Why should India and other low- and middle-income countries introduce rotavirus vaccine?

Rotavirus diarrhea is a ubiquitous problem that can have some very serious consequences. In India, and other countries where access to care can be quite unequal, prevention becomes even more critical. If left untreated, rotavirus infection can lead to unnecessary illness, hospitalization, and even death, which is not only concerning from a health standpoint, but also takes a very serious toll from a social and economic standpoint. Hospitalization for one child with rotavirus costs nearly the entire amount of an average Indian household’s spending in a month. Diarrhea related healthcare needs are also costly for the country and stretch its already burdened state healthcare system. Beyond direct costs, vaccination could avoid productivity losses and help children grow into healthy, educated, productive adults.

The vaccine has the potential to make a big difference in the lives of families around the developing world. In India alone, we could prevent tens of thousands of deaths, not to mention nearly 300,000 hospitalizations and more than 300,000 doctor visits, which amounts to savings of over US$20 million in medical costs.

Based on your experiences, what is your hope for India and the rotavirus vaccination?

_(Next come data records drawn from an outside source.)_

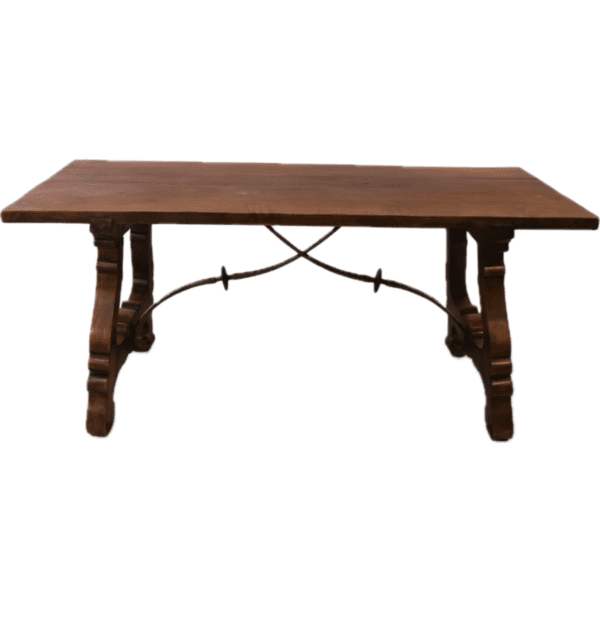 Antique Spanish dining table with iron detailing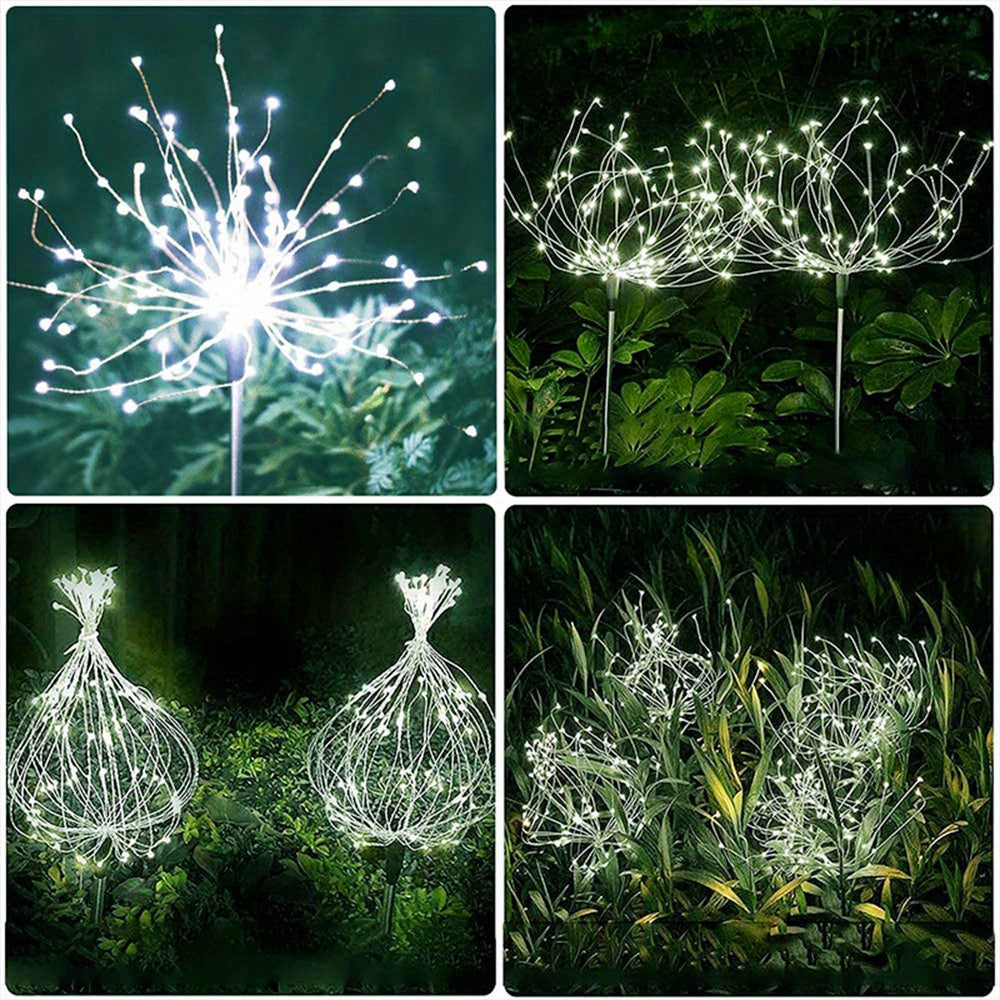 2/4/6/8/10/12pcs Solar Fireworks Lights, Waterproof Solar Flower Lights, 8 Lighting Modes, Patio Villa Lighting Christmas Decoration With Stake Decoration Fairy Lights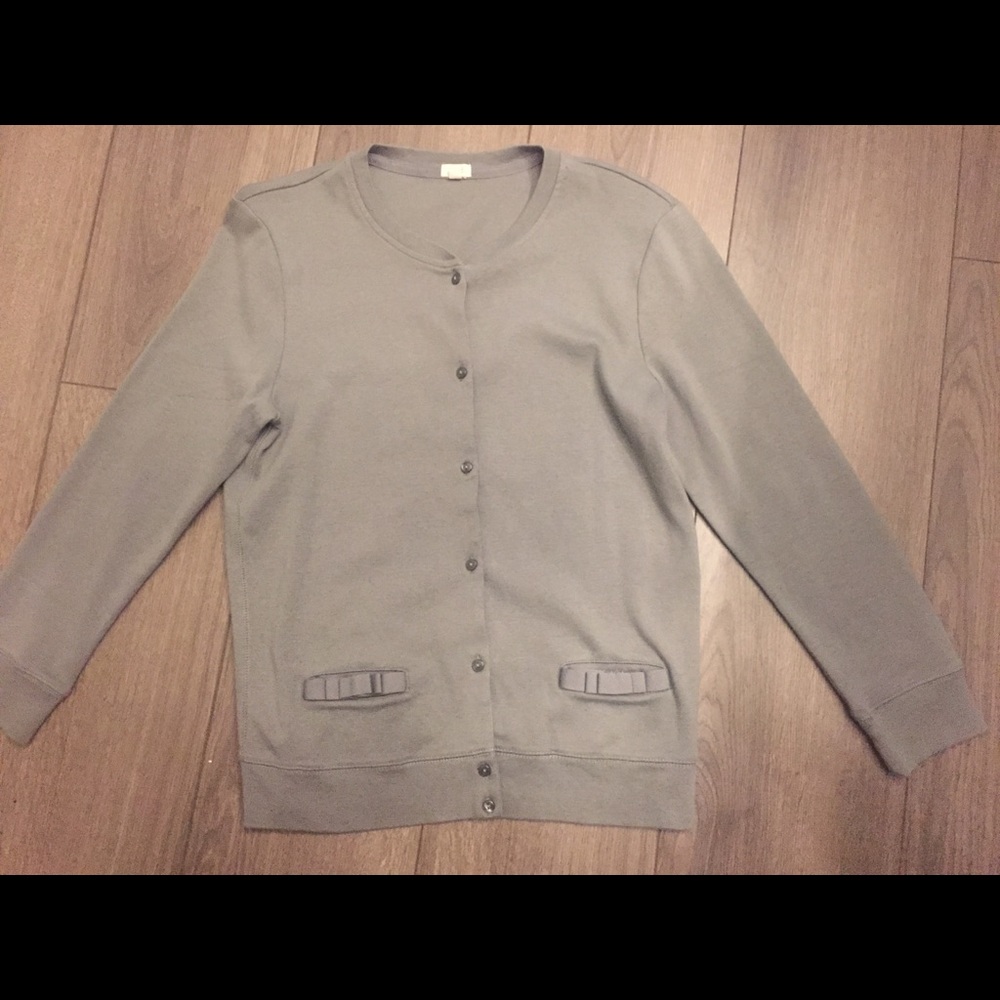 J CREW GRAY CARDIGAN MEDIUM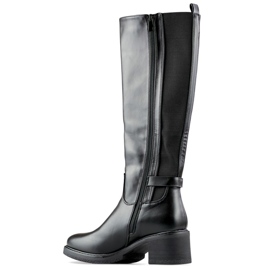 Bottes d'hiver isolées noires à talons bas le noir 1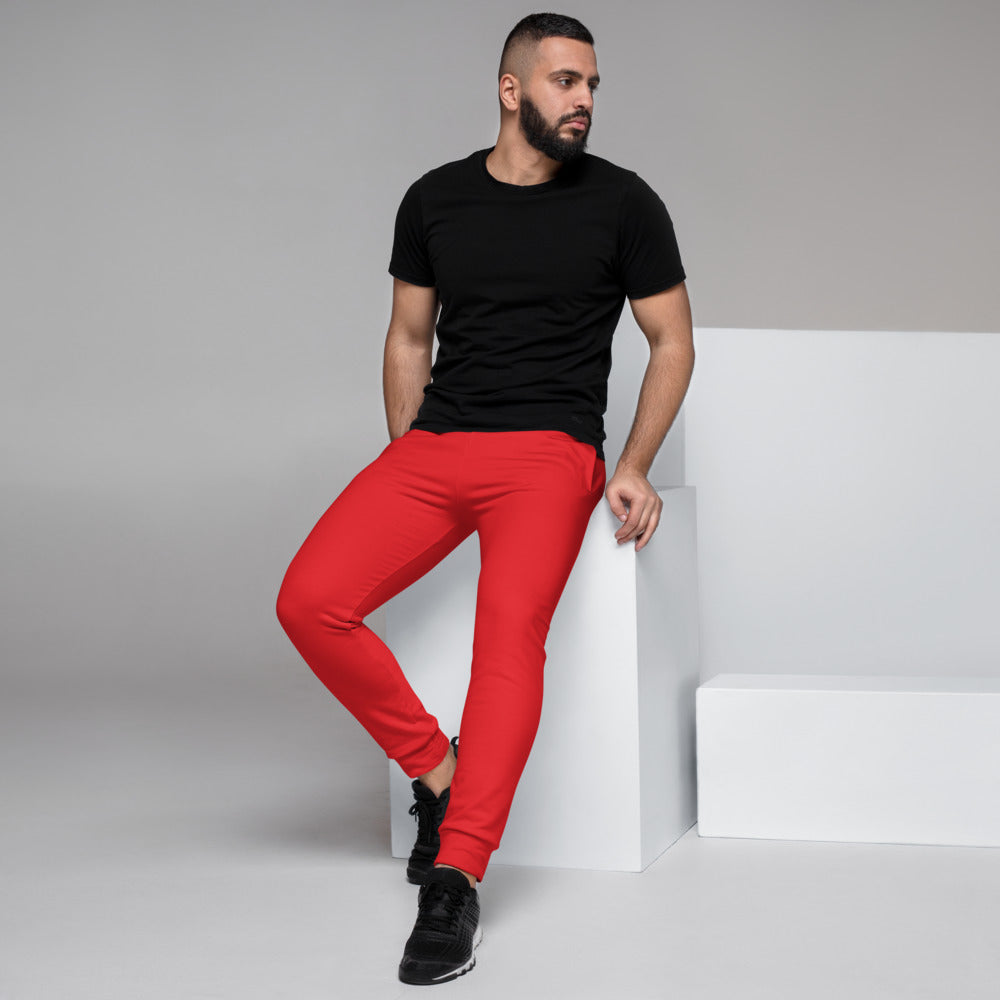 Bright Red Designer Men's Joggers, Best Red Solid Color Sweatpants For Men, Modern Slim-Fit Designer Ultra Soft & Comfortable Men's Joggers, Men's Jogger Pants-Made in EU/MX (US Size: XS-3XL)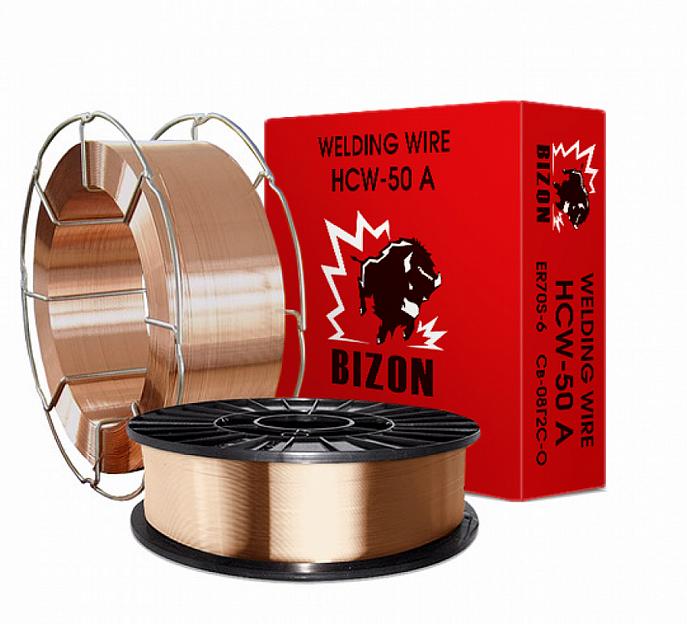 Сварочная проволока омедненная стальная Св-08Г2С (ER70S-6) BIZON HCW-50A d1.2 15 кг фото 1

As a medical student in India in the 60s I saw children dying of diarrhea every day. Over the years, we were fortunate enough to develop powerful treatments like ORT, which helped to reduce the number of diarrheal deaths per year from 5 million in 1980 to less than a million now. However, more than 700,000 children continue to die from diarrhea annually because they don’t get the necessary treatment on time. Rotavirus is the leading cause of these diarrheal deaths, and it is a tragedy to see a child die from rotavirus when we have such a powerful weapon to combat this disease. It is my sincere hope that every child in India will soon have access to this life-saving vaccine.

 

Mathuram Santosham, MD, MPH, is Co-Chair of the ROTA Council and Professor of Pediatrics and International Health at Johns Hopkins University. He also serves as Director of the Center for American Indian Health, Director of the International Center for Maternal and Neonatal Health, and a Senior Advisor at IVAC.